▶ **Exercise details**
Your copy should contain exactly the lines from the start of the material through the line containing "Breakfast. Pancakes with", and no pictures.

▶ **Material provided**
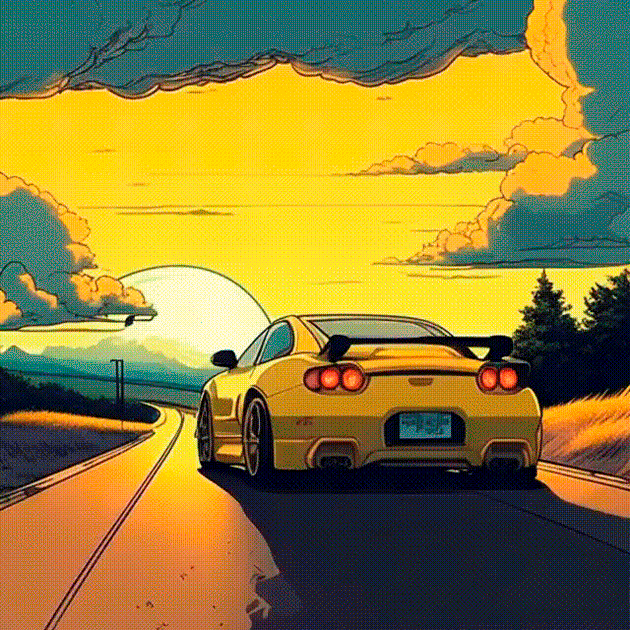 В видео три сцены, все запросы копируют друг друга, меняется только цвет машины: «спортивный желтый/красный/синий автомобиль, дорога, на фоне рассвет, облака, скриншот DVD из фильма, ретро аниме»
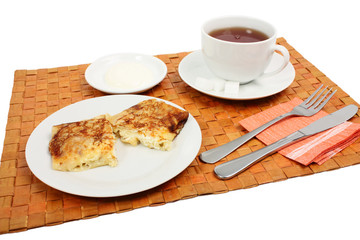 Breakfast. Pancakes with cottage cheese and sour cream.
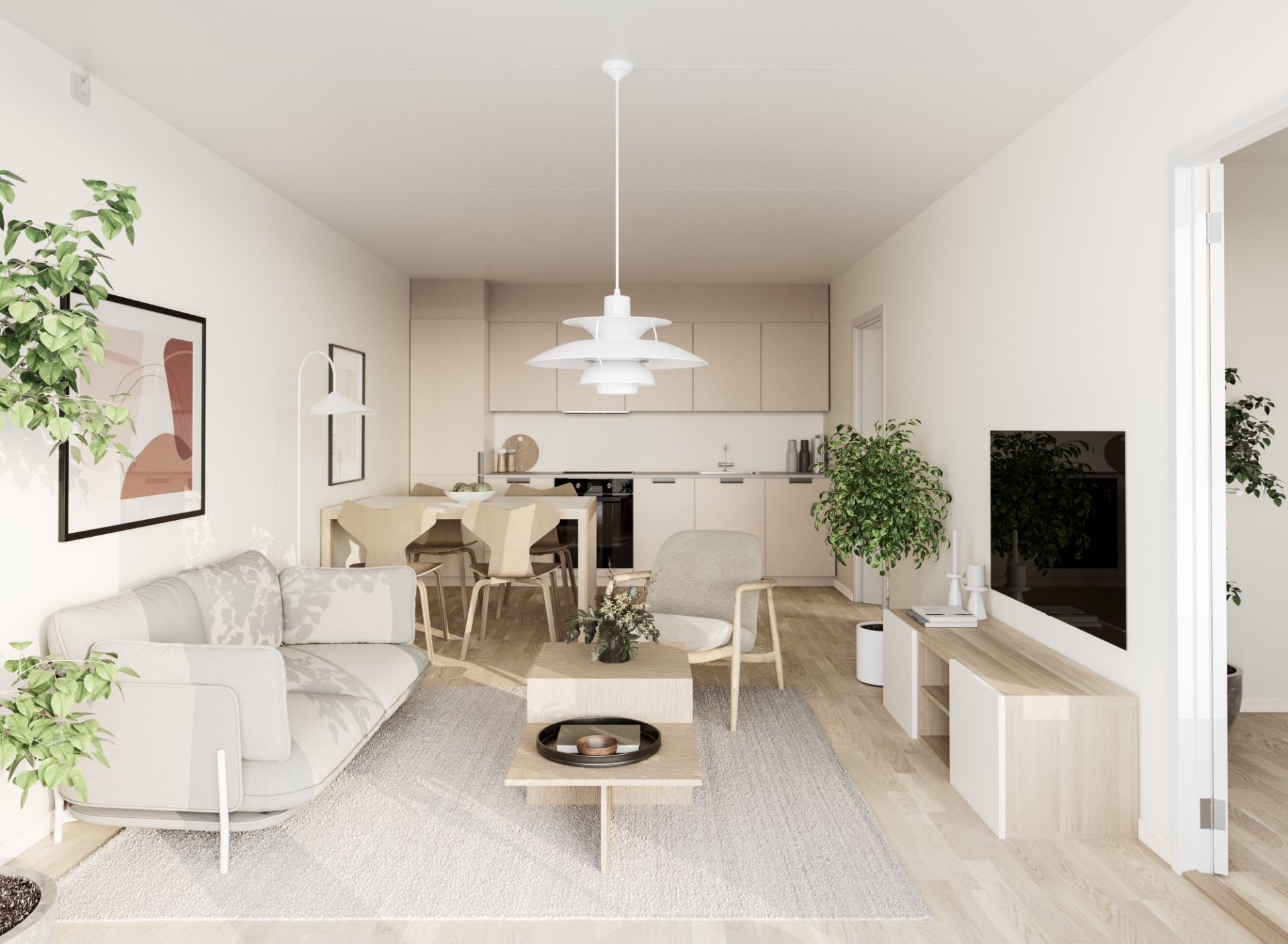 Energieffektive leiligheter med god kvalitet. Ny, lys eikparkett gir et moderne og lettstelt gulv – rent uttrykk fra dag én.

▶ **Solved problem**
 В видео три сцены, все запросы копируют друг друга, меняется только цвет машины: «спортивный желтый/красный/синий автомобиль, дорога, на фоне рассвет, облака, скриншот DVD из фильма, ретро аниме»
 Breakfast. Pancakes with cottage cheese and sour cream.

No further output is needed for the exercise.